How Job Boards Can Take the Lead in Company Culture Matchmaking

Company culture is a unique aspect of hiring. It is the one element that is not based on objective facts like skills or location but instead a match of style between candidates and employers. However, over many decades of analyzing what creates a successful long-term hiring decision, we find that company culture is an overwhelming factor. A 9-5 professional in a stay-late team is more likely to bounce even if they have all the right skills. An extrovert may quickly feel isolated on a team where professional distance is the norm. Even something as small as an office radio can create that critical divide between those ‘in’ the company culture and those who aren’t quite the right fit.

While hiring for company culture is primarily the responsibility of employers, job boards have always played a major role in match-making between companies and candidates. The features of a job board and the user experience of listing a role very much shape what candidates see when they browse during the job hunt. After all, your job board makes it possible to search by industry, location, salary range, remote opportunities, and other objective features to aid in the match-making process. This is done with separate data fields that employers fill out when they make a listing. Why not company culture?

 

Company Culture’s Inconsistent Representation in Job Listings

Normally, we would expect employers to put some company culture details in the job description field. However, it is well-known that not all companies (or recruiters) writing these listings have the same description-writing standards. Some post nothing more than a list of required skills below the job title. Some write a novella including everything from expected tasks to team lunch perks.  But even in the detailed and long-winded descriptions, company culture is not always clearly conveyed.

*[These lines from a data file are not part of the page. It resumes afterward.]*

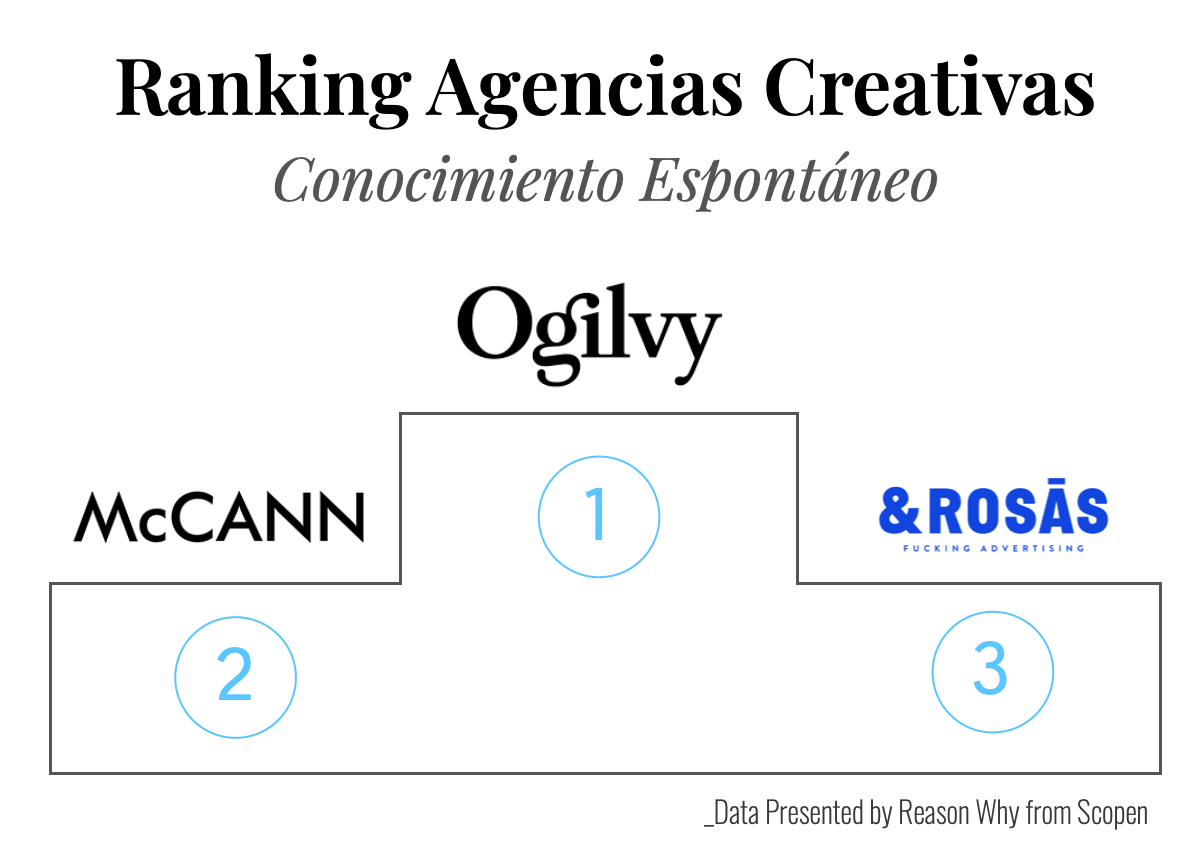 Ranking de agencias creativas según conocimiento espontáneo (Agency Scope 2024/2025)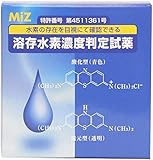 溶存水素濃度判定試薬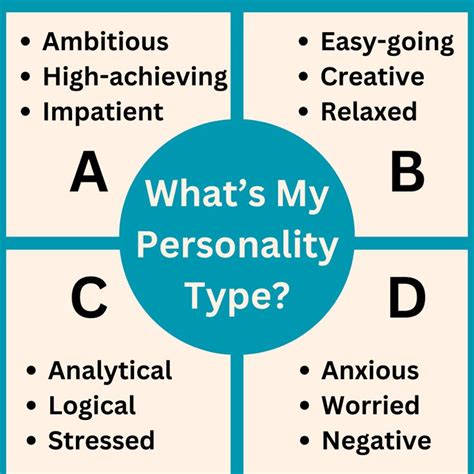 A Or B Personality Test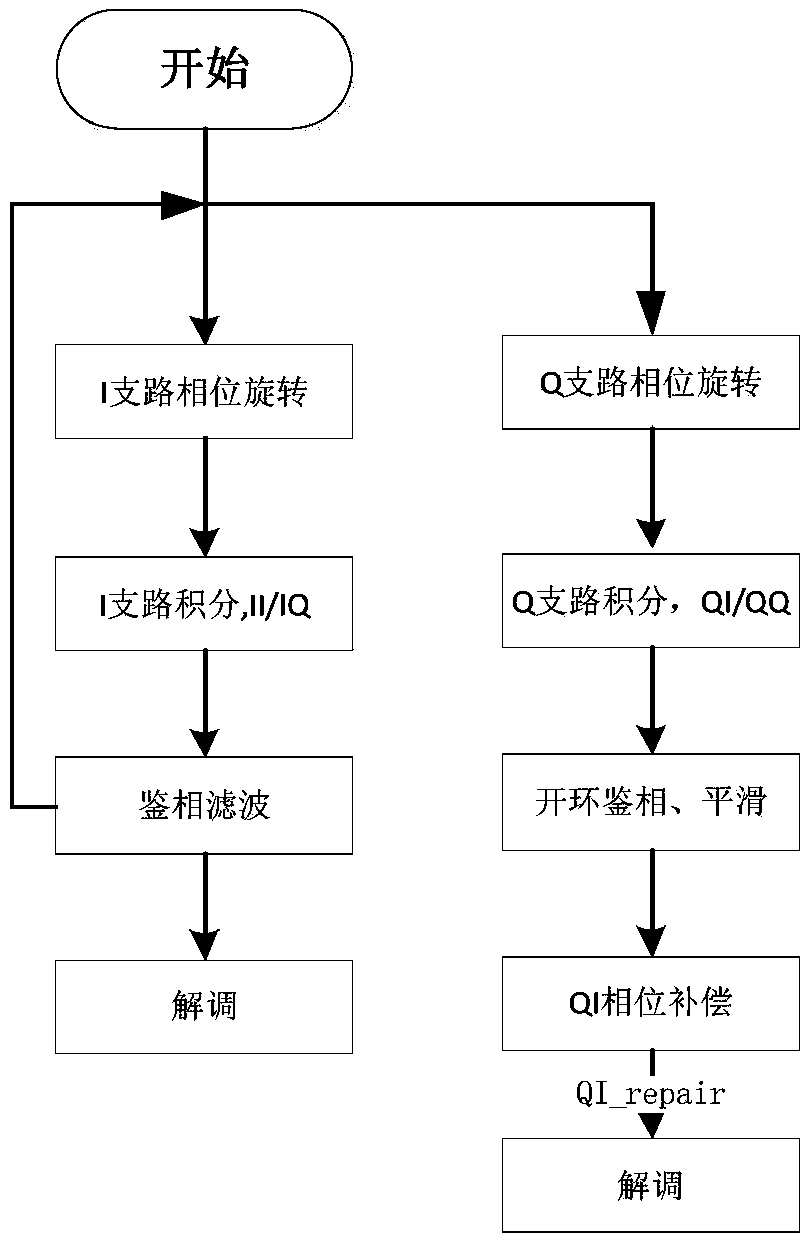 A dsss_qpsk carrier phase quadrature error receiving compensation system and method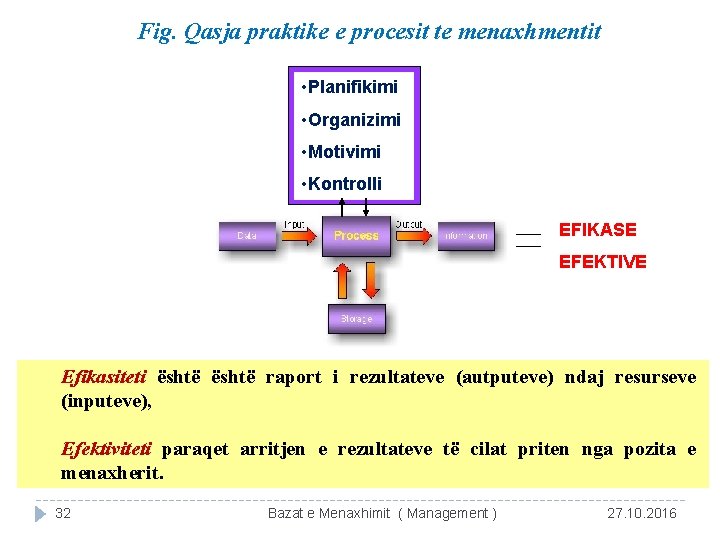 Fig. Qasja praktike e procesit te menaxhmentit • Planifikimi • Organizimi • Motivimi •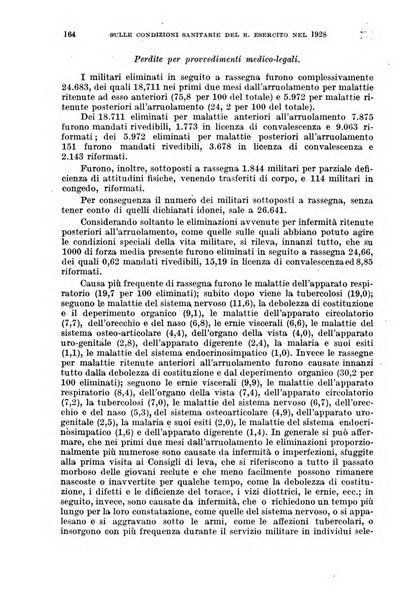 Giornale di medicina militare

In reality, it takes an insightful manager and skilled writer to clearly represent a team or brand’s internal culture through description text alone. It is this lack of clarity, however, that is exactly where job boards thrive in bridging the gap. Why not develop company culture features with the same objective approach as we do other features of a job like salary, location, and remote work opportunities?

 

The Questionnaire Approach to Company Culture

What really defines a company’s internal culture? Let’s think specifically in ways that influence whether a candidate will be happy and lasting in a new role. Many candidates care whether they’ll be expected to stay late or leave on-time. Many want to know if hours are rigid or flexible. They want to know if the break room is party time or a place of quiet sandwich contemplation. Just like other factors of a job, many of these elements can be quantified with individual data fields and questionnaire technology.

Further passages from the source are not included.